Monday, Jan. 17, 1955

The Week in Review

Television set a furious pace that it may find hard to keep up. Most of the excitement of the week was generated by dramatic shows. CBS's Best of Broadway resurrected the 1941 hit, Arsenic and Old Lace, and filled it with a star-studded cast that Broadway today would give its eyeteeth to have. As the addlepated Brooklyn sisters who gently practice mass euthanasia on lonely old men, Helen Hayes and Billie Burke were the epitome of lethal charm. John Alexander recreated his memorable role of their nephew who believes that he is Teddy Roosevelt (and leads a spirited charge up San Juan Hill every time he gallops upstairs), while Orson Bean managed to bring fresh good humor to the part of the only sane member of the zany Brewster family. Peter Lorre and Boris Karloff made a satisfying pair of stumblebum villains. Few TV revivals of old Broadway plays have come off as entertainingly and inventively as Arsenic and Old Lace.

NBC's Lux Video Theater did nearly as good a job in its version of the 1950 movie success, Sunset Boulevard. Miriam Hopkins had some big ravaged moments as the faded film star who is convinced that her public still clamors to see her on the screen, but James Daly was altogether too wooden as the young man whose mixed motives of pity and greed turn him into a gigolo and, eventually, a corpse. ABC's U.S. Steel Hour offered another TV version of Henri Bernstein's The Thief (Kraft TV Theater did the same play in 1952), with Paul Lukas, Diana Lynn, Mary Astor and James Deane. An old-school melodrama, The Thief tells of an idealistic young man who takes the responsibility for an older woman's momentary weakness. The play, as well as the actors, was better in its parts than in its whole, but it made a satisfactory 60 minutes on TV.

The week's most-talked-about show was Ed Murrow's See It Now, which presented a half-hour "conversation" with Dr. J. Robert Oppenheimer, directing genius in the making of the atom bomb and last year (TIME, July 12) denied security clearance by a 4-to-1 vote of the Atomic Energy Commission.

The show was especially memorable for the impelling quality of Oppenheimer's personality and bearing. The talk ranged from pleasant academic jokes ("There's Panofsky, who is a historian of art. He has two kids--two boys--both physicists, and they are very, very bright boys, and one of them is first in his class at Princeton. The other is second. They call one the 'bright' Panofsky and the other the 'dumb' Panofsky") to Oppenheimer's own ideas of security and secrecy ("There aren't any secrets about the world of nature. There are only secrets about the thoughts and intentions of men. Sometimes they are secret because a man doesn't like to know what he's up to if he can avoid it").

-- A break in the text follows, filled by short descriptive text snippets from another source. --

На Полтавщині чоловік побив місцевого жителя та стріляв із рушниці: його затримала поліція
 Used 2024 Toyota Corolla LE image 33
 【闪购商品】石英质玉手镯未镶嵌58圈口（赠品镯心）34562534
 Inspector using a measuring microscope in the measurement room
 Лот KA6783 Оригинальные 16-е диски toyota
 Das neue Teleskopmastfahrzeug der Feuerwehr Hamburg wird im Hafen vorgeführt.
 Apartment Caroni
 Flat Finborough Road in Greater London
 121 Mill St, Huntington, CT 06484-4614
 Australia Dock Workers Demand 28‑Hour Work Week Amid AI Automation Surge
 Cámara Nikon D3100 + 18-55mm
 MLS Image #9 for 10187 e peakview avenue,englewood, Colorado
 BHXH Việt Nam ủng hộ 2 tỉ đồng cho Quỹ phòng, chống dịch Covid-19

Filmed at Princeton, at the Institute for Advanced Study, where Oppenheimer presides as director, the show was a 30-minute digest of a 2 1/2-hour interview. When the show went on the air the CBS switchboard at first received a "few calls of protest." Since then, the mail received at both CBS and Princeton has been heavily in Oppenheimer's favor, and Murrow reports that an additional hour-long film of the interview is being prepared for release to colleges. It will be financed by the Fund for the Republic, a division of the Ford Foundation.